- Data to process -
________________________

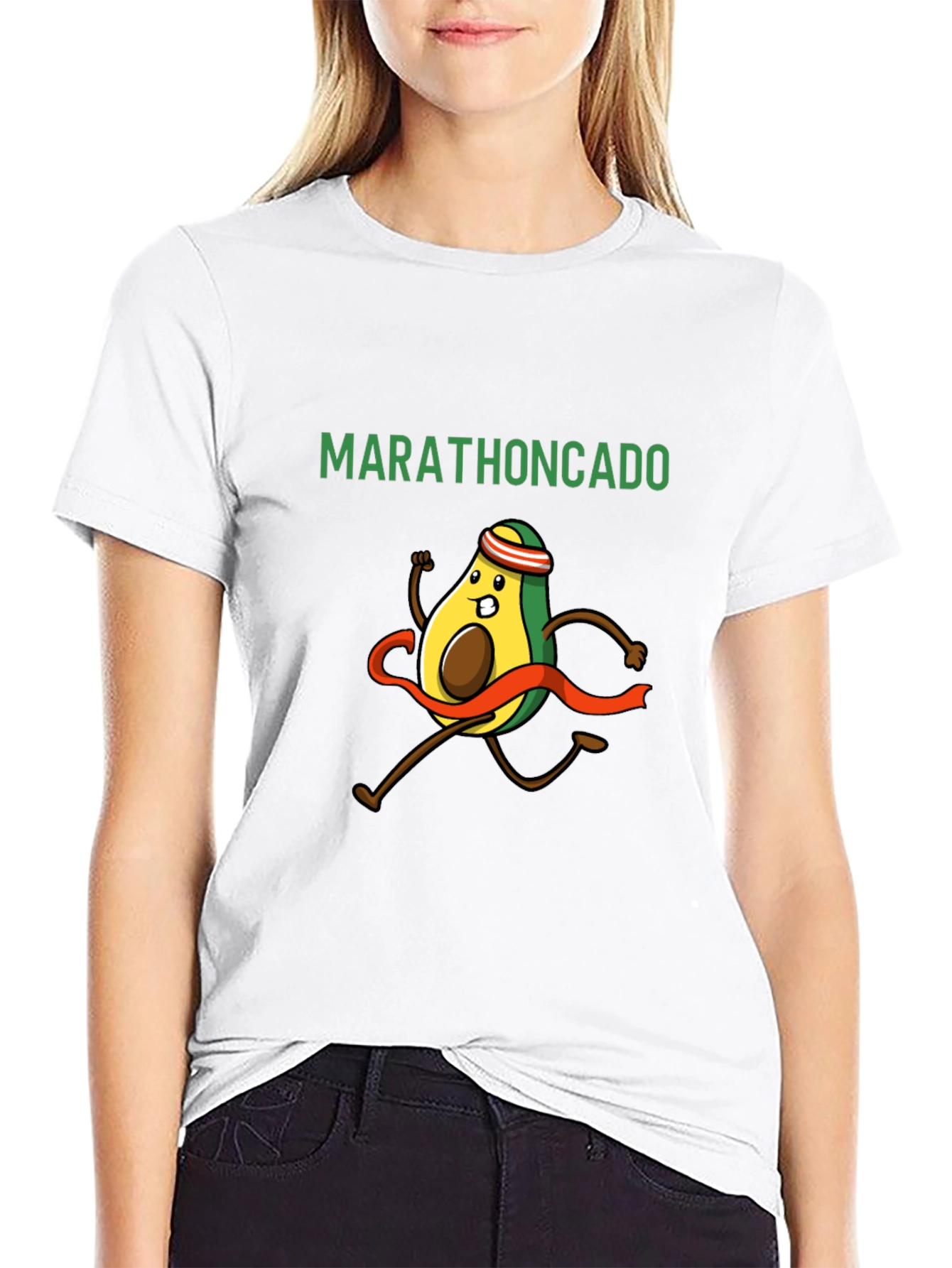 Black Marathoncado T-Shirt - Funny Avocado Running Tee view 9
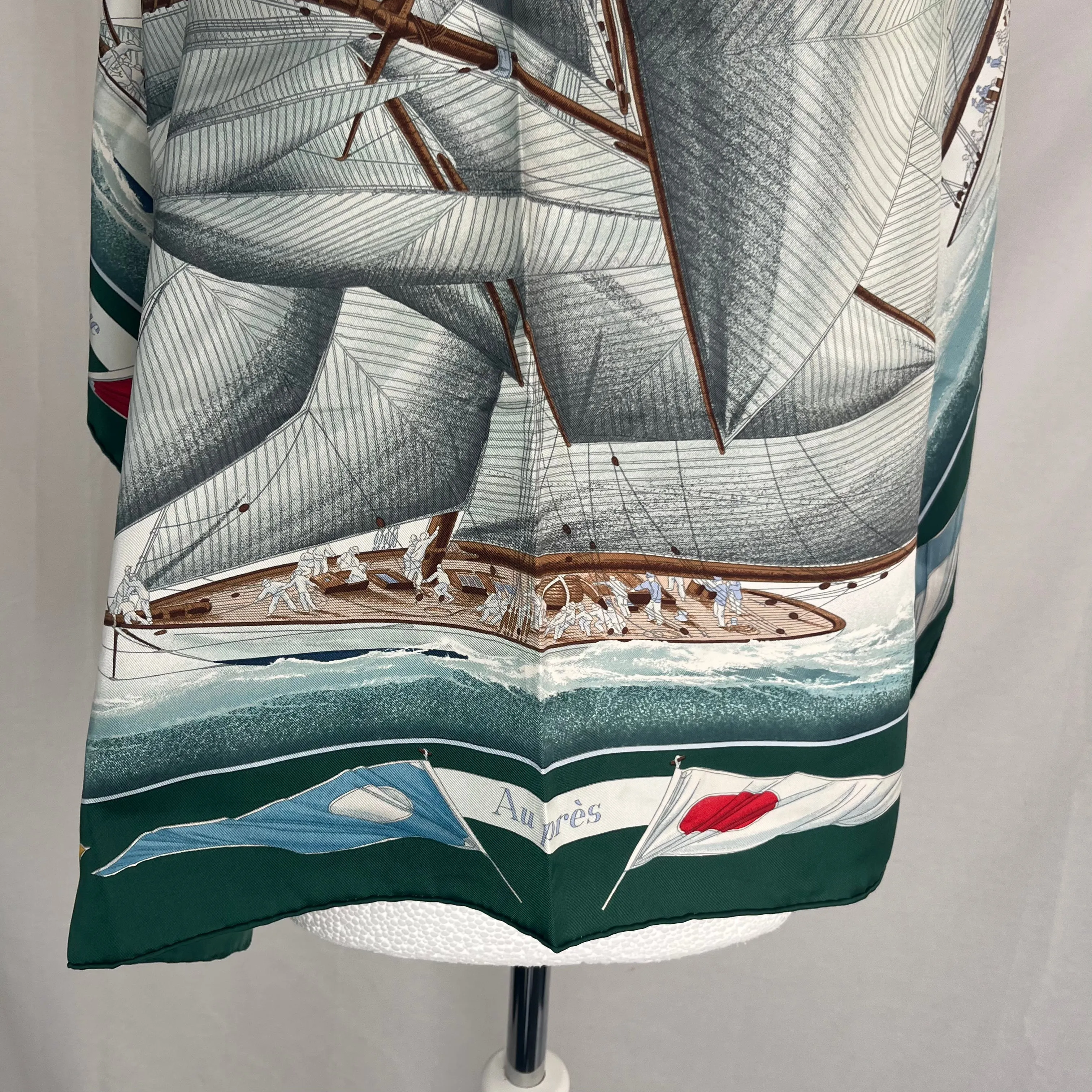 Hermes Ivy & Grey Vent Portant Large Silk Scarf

________________________

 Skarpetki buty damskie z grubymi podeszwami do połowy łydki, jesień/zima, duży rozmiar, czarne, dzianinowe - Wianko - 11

________________________

- Task prompt -
Above is the material; set down exactly its lines from the one containing "Black Marathoncado T-Shirt" down to the one containing "Hermes Ivy &", both included, leaving out any pictures.

- Answer section -
 Black Marathoncado T-Shirt - Funny Avocado Running Tee view 9
 Hermes Ivy & Grey Vent Portant Large Silk Scarf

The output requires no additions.